## Working data

--------

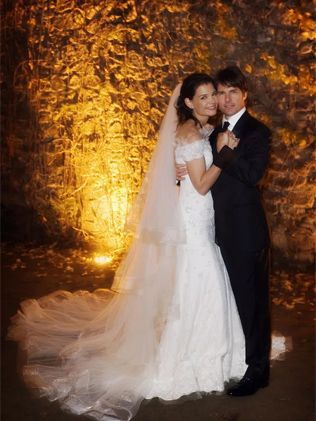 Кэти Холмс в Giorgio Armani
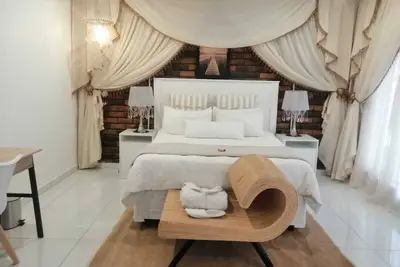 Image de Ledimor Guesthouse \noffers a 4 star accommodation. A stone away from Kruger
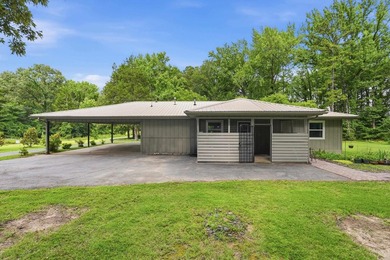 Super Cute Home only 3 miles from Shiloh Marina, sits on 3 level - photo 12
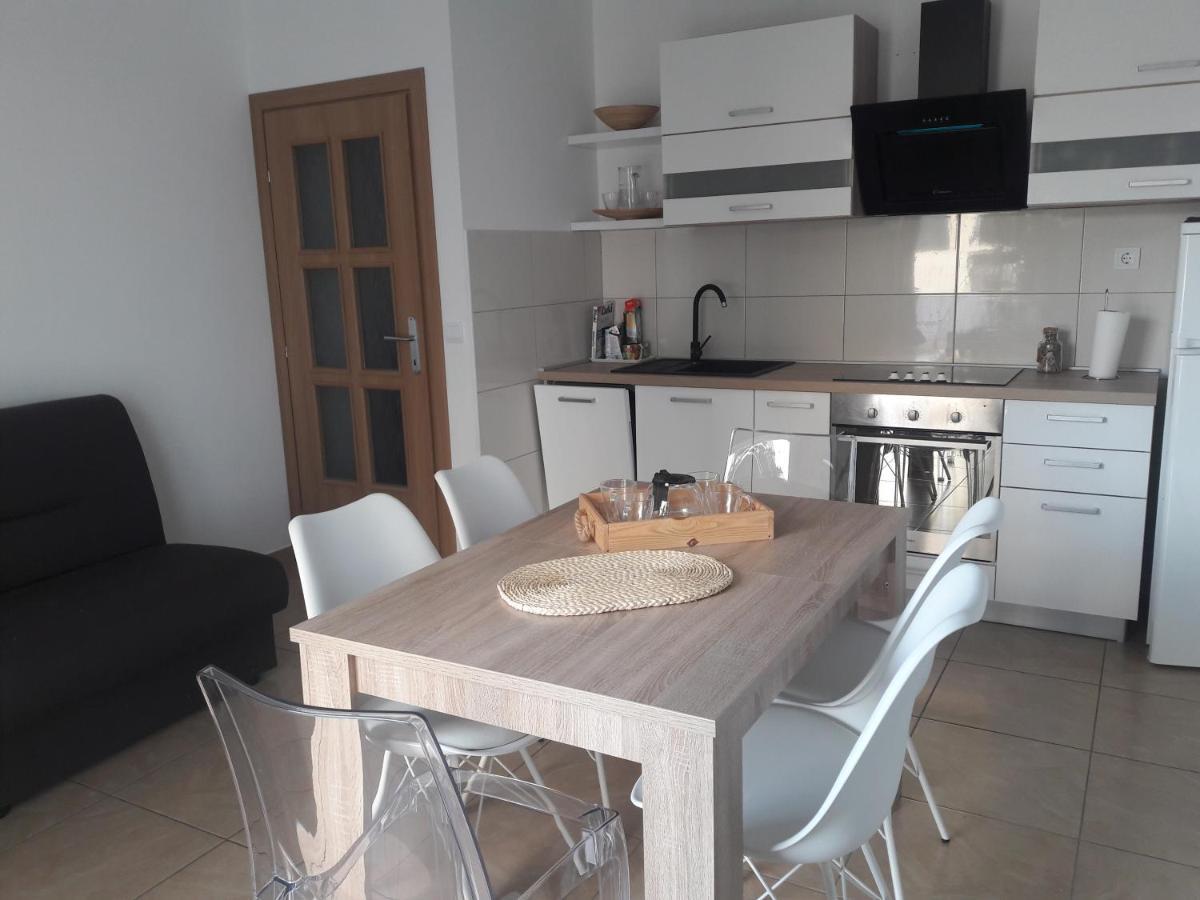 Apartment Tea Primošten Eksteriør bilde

--------

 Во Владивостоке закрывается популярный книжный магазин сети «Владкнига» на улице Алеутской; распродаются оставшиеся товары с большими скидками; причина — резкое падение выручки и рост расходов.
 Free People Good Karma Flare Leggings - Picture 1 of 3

--------

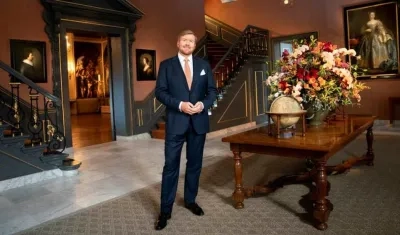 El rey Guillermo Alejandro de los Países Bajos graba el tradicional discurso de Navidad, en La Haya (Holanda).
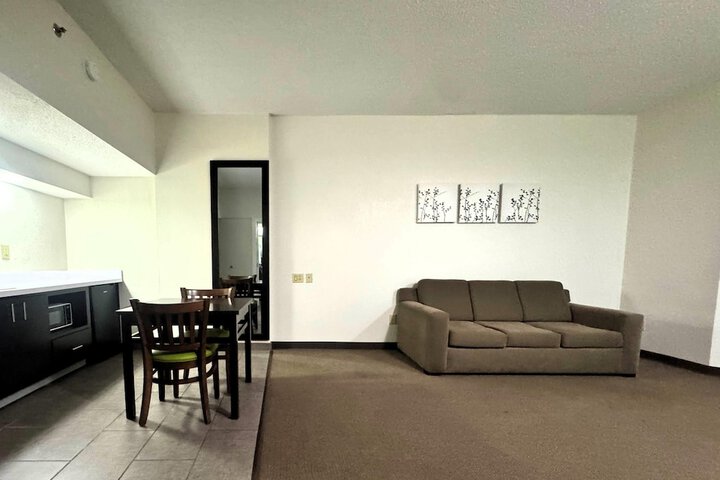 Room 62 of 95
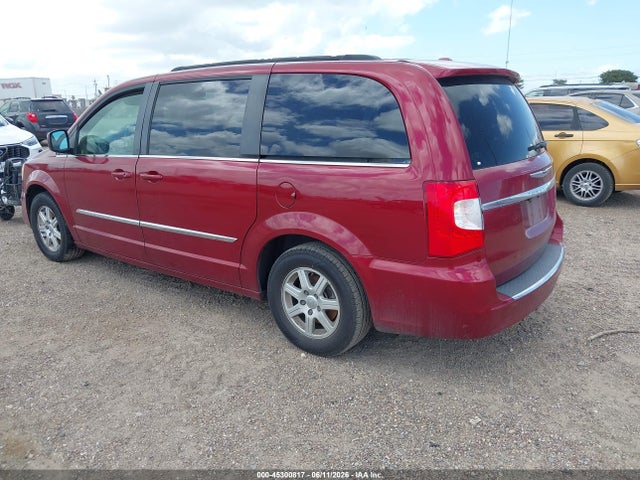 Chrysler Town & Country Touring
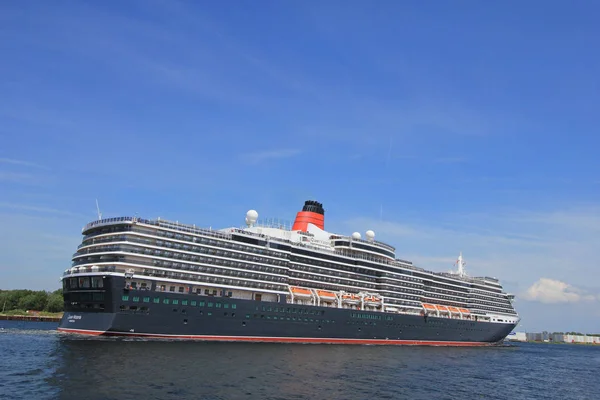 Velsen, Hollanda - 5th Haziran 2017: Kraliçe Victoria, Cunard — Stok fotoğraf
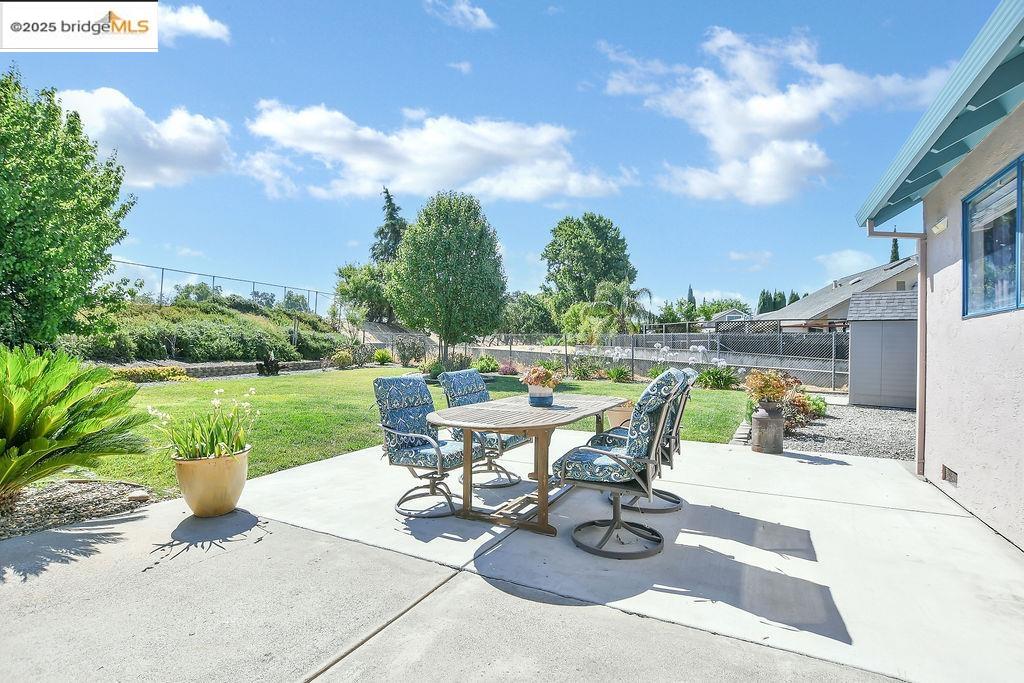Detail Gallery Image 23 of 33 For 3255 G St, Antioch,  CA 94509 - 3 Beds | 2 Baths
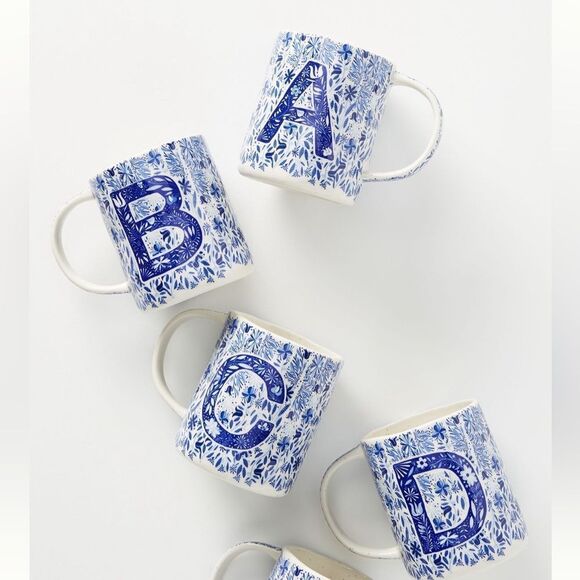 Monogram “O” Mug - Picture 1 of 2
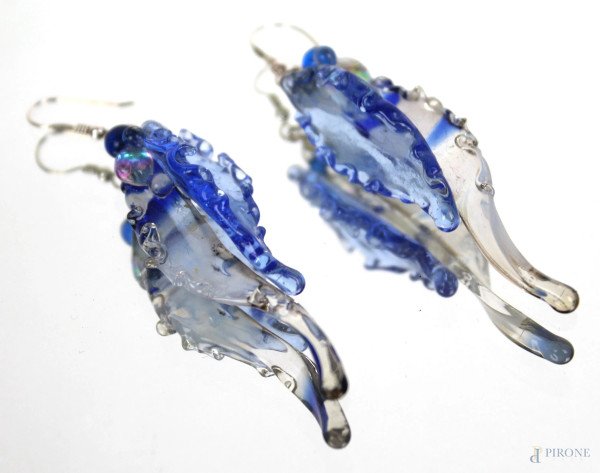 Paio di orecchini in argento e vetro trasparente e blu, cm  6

--------

## What the exercise asks
Restate the lines above from the one containing "Кэти Холмс в Giorgio Armani" through the one containing "Apartment Tea Primošten Eksteriør bilde", inclusive, exactly and without pictures.

## Task result
 Кэти Холмс в Giorgio Armani
 Image de Ledimor Guesthouse \noffers a 4 star accommodation. A stone away from Kruger
 Super Cute Home only 3 miles from Shiloh Marina, sits on 3 level - photo 12
 Apartment Tea Primošten Eksteriør bilde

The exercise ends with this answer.